En aquel entonces solía todavía pasarme interminables horas en la pequeña biblioteca, puedo decir sin exagerar, que prácticamente me había leído todos los libros, algunos de ellos varias veces. A través de ellos disfrutaba las aventuras del mundo. Me imaginaba viviéndolas personalmente y creo que era uno de los motivos por lo que nunca me decidí a tomar los votos y convertirme en una monja. Ansiaba salir a ese mundo extraño a vivir todas experiencias que ellos contaban.
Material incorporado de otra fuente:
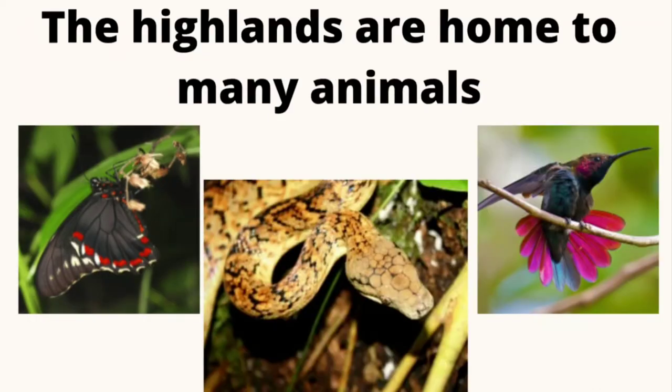The highlands are habitat to many of the animals that we have here on the island, and many animals that we find in our highlands are unique to those particular places. So in our highlands we're going to find things like our snakes, unique butterflies that are indigenous only to Jamaica, and also birds.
Allí me encontraba una tarde de otoño cuando tocaron a la puerta.
—Señorita Ángel, la solicita la madre superiora. —Vino corriendo una de las niñas que estaba en el colegio.
—¿A mí? —pregunté intrigada. ¿Qué querría a esa hora de la noche la madre superiora conmigo?
—Sí, debe presentarse con urgencia en el despacho de la madre superiora —contestó y agregó. —Eso fue lo que me mandó a decirle Sor Inés.
—Está bien, muchas gracias, linda —me levanté presurosa pensando muchas teorías, muy pocas veces era llamada a la dirección, y las pocas que lo hicieron nunca guardaron buenas noticias para mí.
Intrigada dirigí mis pasos allá tocando la puerta al llegar, escuchando su amable voz invitándome a entrar. Estaba acompañada de una misteriosa persona, que por estar la habitación en penumbras me causó algo de temor. Al verme se puso de pie, apreciando que se trataba de un hombre muy delgado con una joroba en su espalda que lo hacía permanecer inclinado, apenas se podía divisar su rostro por el enorme sombrero que llevaba. Estaba completamente vestido de negro, que le daba aún más un aspecto tenebroso.
—Buenas tardes, señorita Ángel —saludó enseguida al verme.
—Buenas noches, señor… —contesté sin dejar de observarlo de lo más intrigada al escucharlo saludarme por mi nombre.
—Es el abogado de tu familia, querida —me explicó la madre superiora. —Ha venido de urgencias.
—Es un placer, al fin conocerla señorita Ángel —se adelantó el señor extendiendo su huesuda mano hacía mí—. Y como bien le dijo la madre superiora, soy el abogado Edmundo que representa a su familia.
Explicó y saludó con una profunda voz de barítono que desentonaba con la delgadez de su figura. Al avanzar a mi encuentro apretando con su huesuda mano la mía, la pálida luz de las velas dio de lleno en él. Y fue entonces que pude apreciar su afilada y prominente nariz; que contrastaba con unos grandes ojos negros muy brillantes; una fuerte mandíbula daba a entender un carácter firme y decidido; sus labios muy finos me sonrieron amablemente dejando apenas al descubierto una hilera de dientes muy blancos, demostrándome respeto al tiempo que tomaba mi mano dándome un suave apretón, para luego dejarla sentarse e invitándome a mi hacerlo a su lado.
Todavía no podía comprender qué quería un abogado, a tantos años después de la muerte de mis padres. Tampoco conocía que tuviéramos abogado, cuando la muerte de mis padres no apareció ninguno, todo lo resolvió el padre de la iglesia con las monjas. Además, que recordara, todo lo habían dejado debidamente arreglado, jamás tuve que hacer ningún procedimiento para arreglar nada. Los cheques del banco llegaban puntualmente cada mes sin que tuviera que hacer nada. ¿Qué querría este señor aquí ahora?
—Vine en representación de su abuela —explicó.
¡Me quedé de una pieza! Lo observaba incrédula ante esa revelación, pensando que seguro debía de estar equivocado.